# Tau Sniper Drones - Worth it?



## Jacobite (Jan 26, 2007)

So recently I managed to pick up a 1500 point tau army for 145 NZD including postage. One of the units was Tau Sniper Drone team and I didn't realise this until the pinkos arrived. I hadn't factored it into the list I built and from what I know you don't hear of them much.

Basically are they any good? I have 3 drones and a controller. Do I need to spam them for them to make any difference or should I take the pulse rifles off the drones and turn them into shield drones and turn the controller into a objective marker as a scared Fire Warrior peaking over a wall?


----------



## dirty-dog- (May 14, 2008)

they are very usefull, even just for the extra markerlight.

the drones now fire at the bs of the spotter, so theyre bs 5 now, and they do some damage.

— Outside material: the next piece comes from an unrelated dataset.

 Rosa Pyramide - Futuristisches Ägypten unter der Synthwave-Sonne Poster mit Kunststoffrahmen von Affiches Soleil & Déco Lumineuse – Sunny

personally i think one full unit goes along way.


----------



## Madden (Jan 22, 2012)

There also 48" rapid fire so just 3 drones give you 6 sniper shots at 24 percision and all the pluses of snipers at a high bs there good for removing special weapons/equipment as to adding extras maybe a couple more drones and an extra controller as he can be sniped as well and the drones drop to a low bs.

So overall there good but compete in heavy slots where our ranged anti tank is they a hard choice but good if you've the slot.


----------



## MaidenManiac (Oct 2, 2008)

I have a hard time seeing them worth a HS slot. The other 3 options are so much hotter, which is sad. Imo they should have been some kind of similar to IG heavy weapon squads unit in the troop section to see table time


----------



## Barnster (Feb 11, 2010)

Their much better than they were, but they compete with the 3 of the best 4 units in the book

At 2k I'd consider them as the HS slot is relatively less valuable with 6 available at less than that I think I would prefer the broadsides or Hammerheads or a skyray


----------



## Creon (Mar 5, 2009)

They are a very useful unit, but, as said above, they compete in the HS arena. One plus on their side is that they use pulse weaponry, so if you invest in an Ethereal, you get 3 pulse sniper rounds at 24" at bs:5 plus marker lights, so if you play in a Meta where enemy characters are something you need to take out, this is a good way to do it. But, honestly, theyare no good at 3. 6 or 9 get pretty good, tho


----------



## jd579 (May 8, 2010)

I used them against a grey knight list just as a try out and found them really good, jump shoot jump with sniper rifles was awesome, they did some damage and there was only 3, I would love to see what 12 could do:shok:!!!!!


----------



## iamtheeviltwin (Nov 12, 2012)

One of the players in my local meta uses them. The ability to rapid fire a mass of 4+ wounding sniper shots at 24" with precision and rending and then run away has become very annoying. Dropped my bike libby in our last game when he had T8 from iron arm up and would have been basically impervious to the other massed fire.


----------